Tunisie. Marche de l’UGTT : la centrale entend conserver son poids socio-politique

Tunis – En ce jeudi 21 août 2025, l’Union générale tunisienne du travail (UGTT) a réuni ses forces pour une importante marche partie de la place Mohamed Ali jusqu’à l’Avenue Habib Bourguiba, en réponse à l’attaque contre le siège de la centrale syndicale par des éléments pro pouvoir, qui avait suscité une vive émotion.
Selon les estimations médiatiques, plus de 3 500 manifestants étaient présents sur le parcours malgré un soleil de plomb à la mi-journée. Des images et témoignages évoquent également plusieurs milliers de participants, soulignant une mobilisation relativement remarquable dans le climat tendu actuel où les partis politiques, dont les bases sont démotivées, peinent à rassembler autant de sympathisants.
Les slogans scandés étaient à la fois forts et symboliques, s’articulant autour du « Respect du droit syndical », l’« Indépendance de l’UGTT », ou encore des appels à défendre les acquis des travailleurs et à relancer un dialogue social apaisé.
Le secrétaire général de l’UGTT, Noureddine Taboubi, a pris la parole et condamné fermement la tentative de faire porter à la centrale la responsabilité de la crise nationale.
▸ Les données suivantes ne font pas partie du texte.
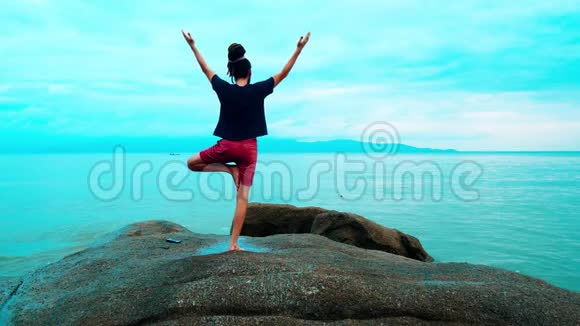 一个男人在海边的大石头上练习瑜伽视频的预览图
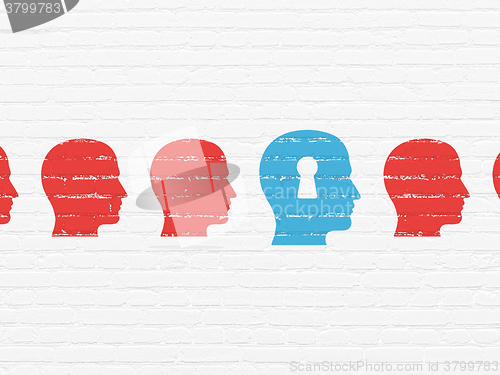 Image of Education concept: head with keyhole icon on wall background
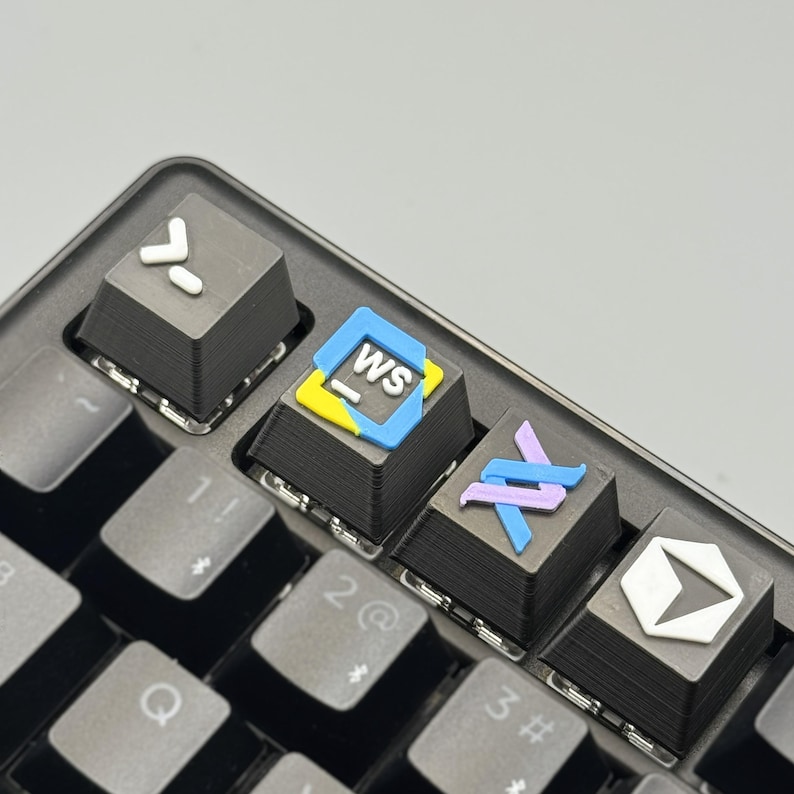 以下が含まれることがあります： 黒いメカニカルキーボードのクローズアップ。カスタムキーキャップが装着されており、白い矢印、「WS」の文字、抽象的な形など、カラフルなデザインとシンボルが特徴です。キーボードは灰色の表面にあります。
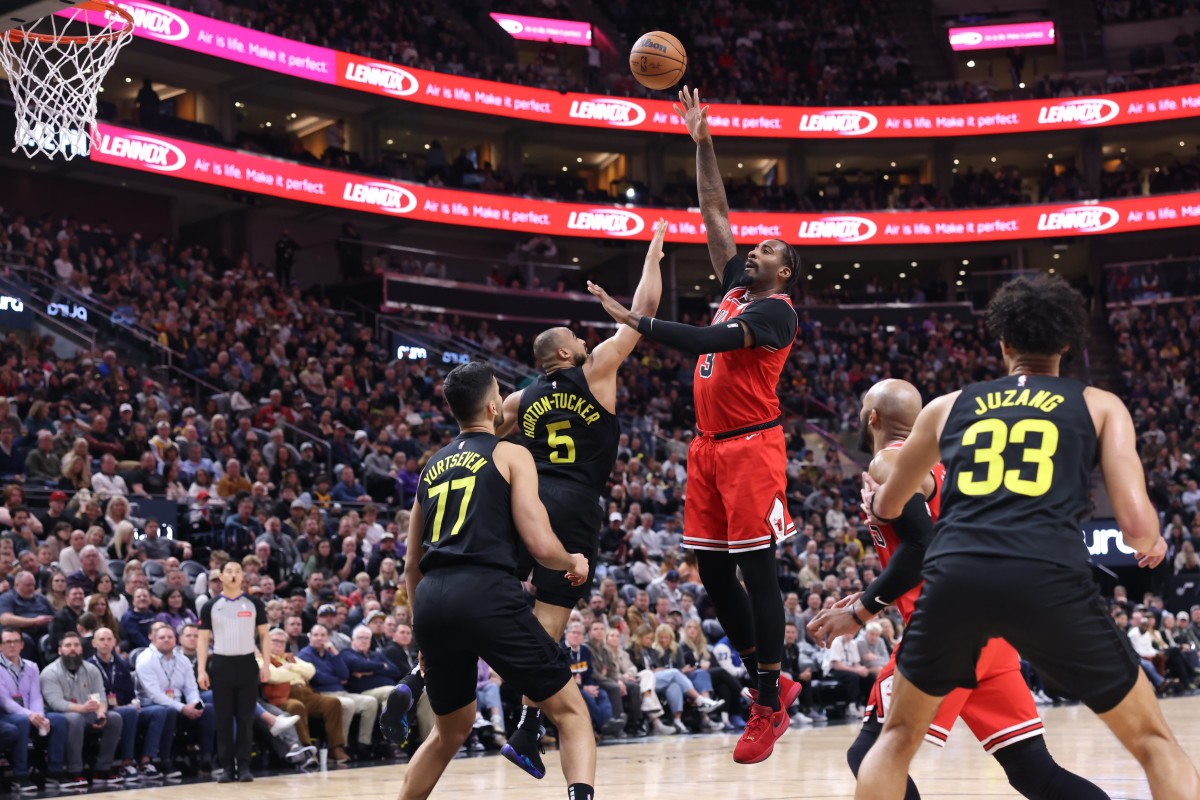 Chicago Bulls center Andre Drummond (3) shoots over Utah Jazz guard Talen Horton-Tucker (5) during the third quarter at Delta Center.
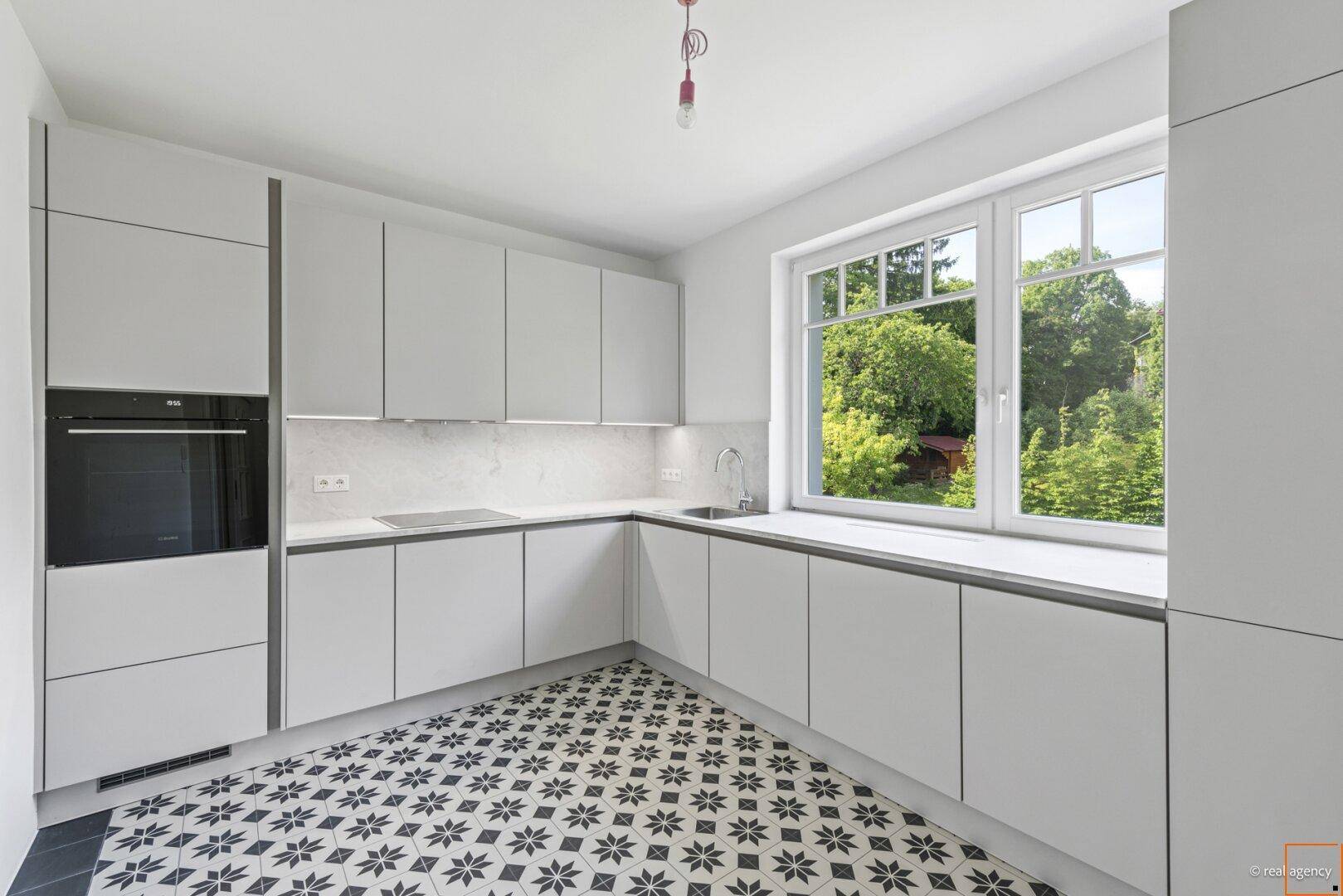 Moderne Einbauküche mit hellgrauen Fronten, integrierten Geräten und Fenster mit Grünblick.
Il a dénoncé une manœuvre qui, selon lui, vise à étouffer le dialogue social et réaffirme que l’UGTT demeure « un pilier de la Tunisie moderne », qu’il importe de défendre tant sur le plan social que politique et historique.
Slogans pro opposition
La mobilisation du jour s’inscrit dans un contexte marqué par des tensions croissantes entre la centrale syndicale et les autorités. Le 7 août dernier, des partisans présumés du pouvoir avaient tenté d’assiéger le siège de l’UGTT, tout en appelant à sa dissolution, faisant écho aux accusations du président de la République Kais Saïed qui avait la veille fait allusion à la corruption et à la trahison du leadership syndical.
Mais pour l’UGTT, cette offensive s’inscrit dans une stratégie visant à fragiliser la liberté syndicale et le droit à la négociation, « l’un des tous derniers remparts à l’autocratie » dans le pays. Le message de l’UGTT est somme toute clair : sans réouverture du dialogue social, la centrale pourrait déclencher une grève générale. La commission administrative reste d’ailleurs en session permanente et se dit prête à fixer une date dès la rentrée, en septembre, si la situation reste bloquée.
Arrivée aux abords du Théâtre municipal, la marche a observé un sit-in où ont trôné des images de diverses figures de proue de l’opposition actuellement emprisonnées dont l’avocate Sonia Dahmani et l’ex juge Ahmed Souab, signe d’une volonté d’intersectionnalité entre objectifs syndicaux et politiques.
La mobilisation d’aujourd’hui jeudi revêt par ailleurs une dimension internationale : plusieurs syndicats français — CFDT, CGT, Unsa, Solidaires et FSU — ont ainsi explicitement manifesté leur solidarité avec l’UGTT et condamné les pressions exercées par le pouvoir tunisien, appelant l’Union européenne et Paris à « réagir face aux dérives autocratiques observées ».
Reste que pour nombre d’observateurs, l’UGTT a malgré tout opté pour un clash mesuré avec l’actuel pouvoir, étant elle-même empêtrée dans des luttes internes de clans, des problèmes de légitimité de son secrétariat général devenu son véritable talon d’Achille.